Alternatively, you can head up into Turkmenistan’s mountains, where the less-severe temperatures will allow trekking in mornings and evenings. In addition, with melons one of the country’s most important products, a new holiday was created recently to celebrate a special kind of melon grown in Turkmenistan. Various events and festivities take place on the second Sunday in August to celebrate the beloved muskmelon.
Autumn in Turkmenistan is one of the best times to visit, before the cold of winter sets in. During autumn, the heat lets up and visiting the desert becomes feasible. During this time, you can visit the ancient ruins of Merv, which are located in the middle of the desert. One of the highlights of early autumn is camping out in the desert overnight, a unique experience where you’ll feel close to nature and a different way of life. However, beware that temperatures drop significantly at night and you’ll need to pile on the layers to keep warm. Another interesting activity is a homestay in a remote village, where you can experience the way of life in rural Turkmenistan. Autumn is also a great time to visit the mountains in the south of the country, where you can enjoy beautiful hikes while the surrounding nature changes from vibrant greens to warm, autumnal colours.
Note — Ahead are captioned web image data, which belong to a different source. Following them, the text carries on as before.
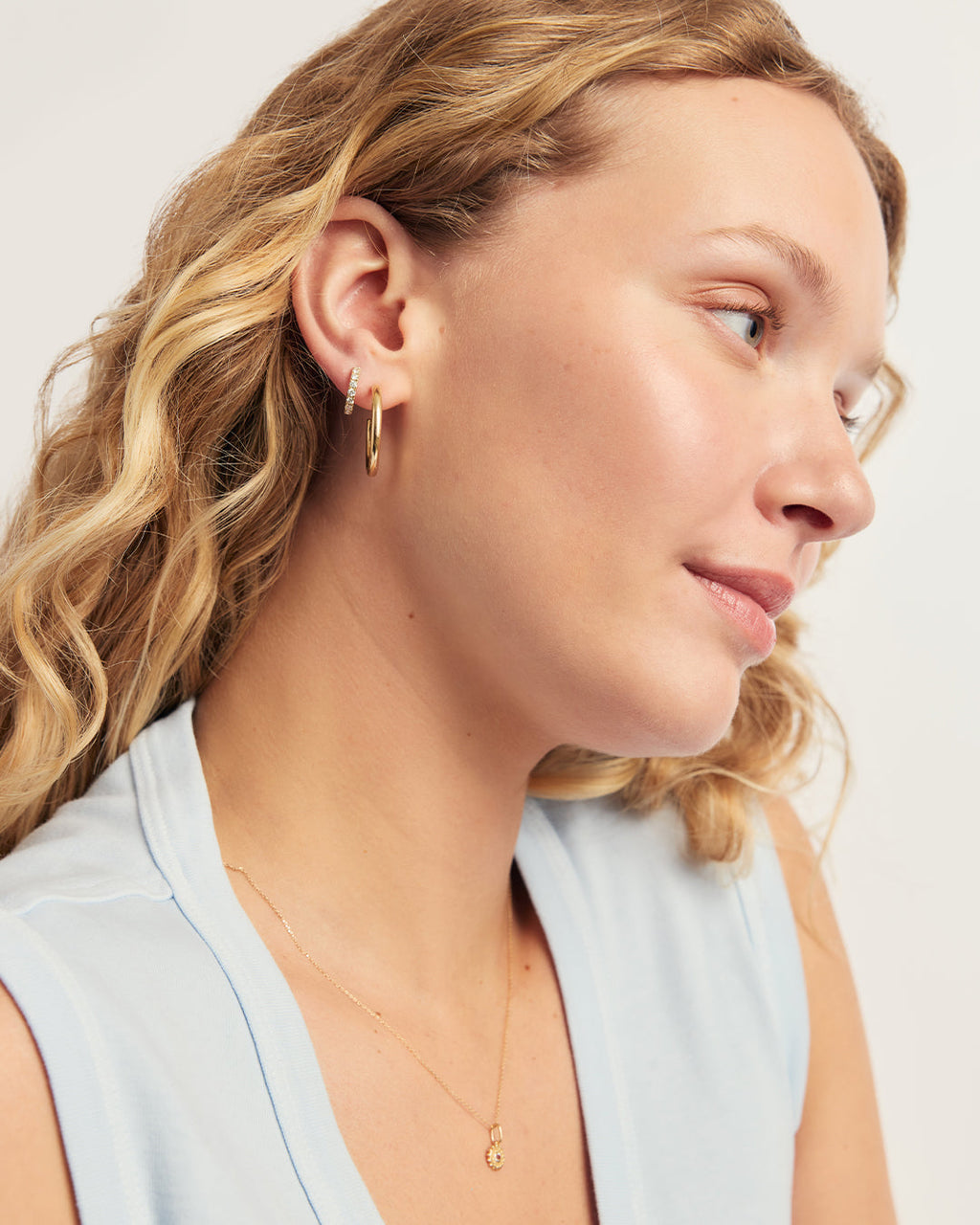 14K Gold Carter Hoops || option::14K Solid Gold, 20mm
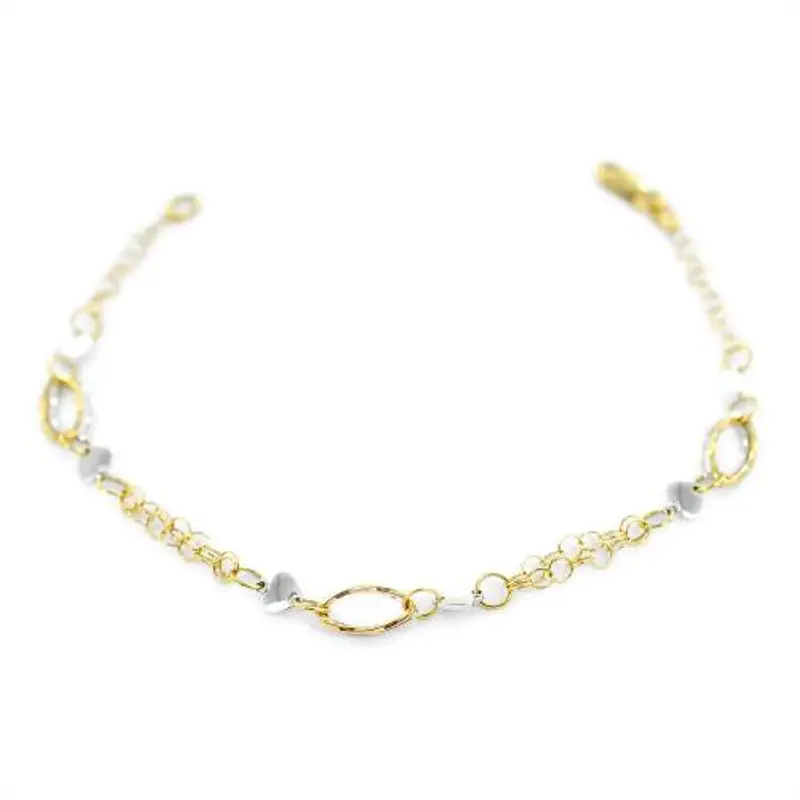 cappagli gioielli bracciale da bambina in oro giallo e bianco cuori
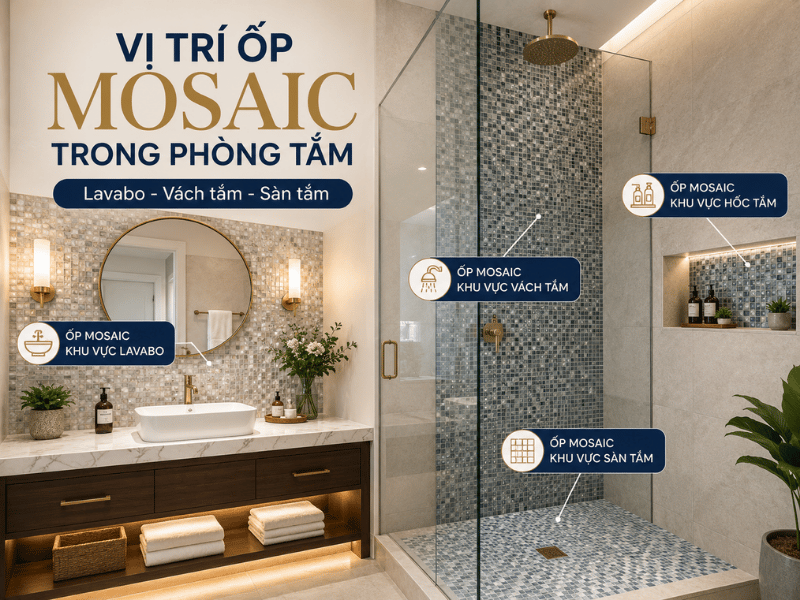 Đá mosaic ốp phòng tắm đẹp, sang trọng và bền bỉ 3 - Tổng Kho Đá Đá mosaic ốp phòng tắm đẹp, sang trọng và bền bỉ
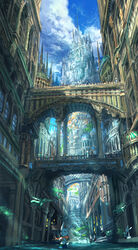  2016 amazing_background ambiguous_gender anthro arch art_nouveau bottomwear castle city cityscape clothed clothing cloud crowd day detailed detailed_background digital_media_(artwork) digital_painting_(artwork) dragon fantasy feral fish fishing flying fur green_body green_scales group hi_res holding_animal holding_object horn kemono lagomorph leporid light male mammal marine mythological_creature mythological_scalie mythology open_mouth outside partially_submerged pippi913 plant rabbit red_eyes river scales scalie scenery_porn scenic_view shorts sitting sky standing street_lamp sunlight topless tower tree water white_body white_fur window wings 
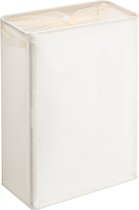Navaris stoffen wasmand afsluitbaar - Smalle wasbox met sluiting en handvat - 20 x 40 x 56 cm - Beige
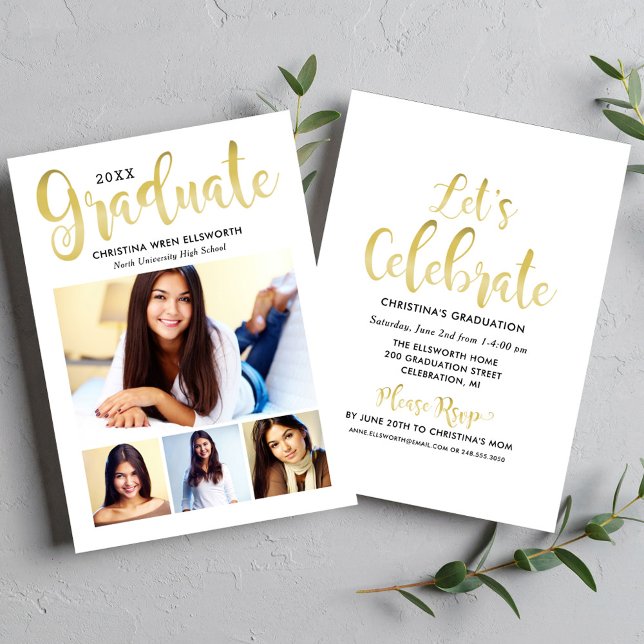 2026 Graduate Gold Script Photo Collage Party Invitation (Creator Uploaded)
Winter in Turkmenistan sees the arrival of bitterly cold Siberian winds that bring the temperatures crashing down, with lows of -20°C not being uncommon. As in summer, this causes much of the country to be effectively off-limits to tourists. The desert provides no protection against the cold and travelling around can be difficult, although there is very little snowfall in the country. However, in winter, it is still possible to visit the futuristic capital of Ashgabat to discover its surreal architecture. On milder days it may also be possible to visit sites close to the main cities. In the southern mountains that border Iran, there is even a ski resort, but this frequently suffers from a lack of snow. The areas along the Caspian Sea remain somewhat temperate and can also easily be visited in winter, although the water is too cold for swimming.
Spring in Turkmenistan is also a good time to visit. As winter transitions into spring, the country once again opens up as the biting cold gives way to pleasant, warm days. In fact, spring may be the best time to visit Turkmenistan. On 21 March, the country celebrates the Persian New Year and plenty of festivities and celebrations are held throughout the country. The desert also becomes hospitable at this time of year, with travelling large distances much easier. This makes it possible to visit the many interesting sites in desert areas or to camp out in the wilderness. During spring the desert, for a few fleeting moments, erupts with colour as flowers bloom and vegetation grows. In the Kopet Dag mountain range, spring is a wonderful time to trek with lush, green vegetation reappearing after the cold winter and temperatures remaining more temperate for longer than in the flatter regions of the country where spring comes and goes quickly.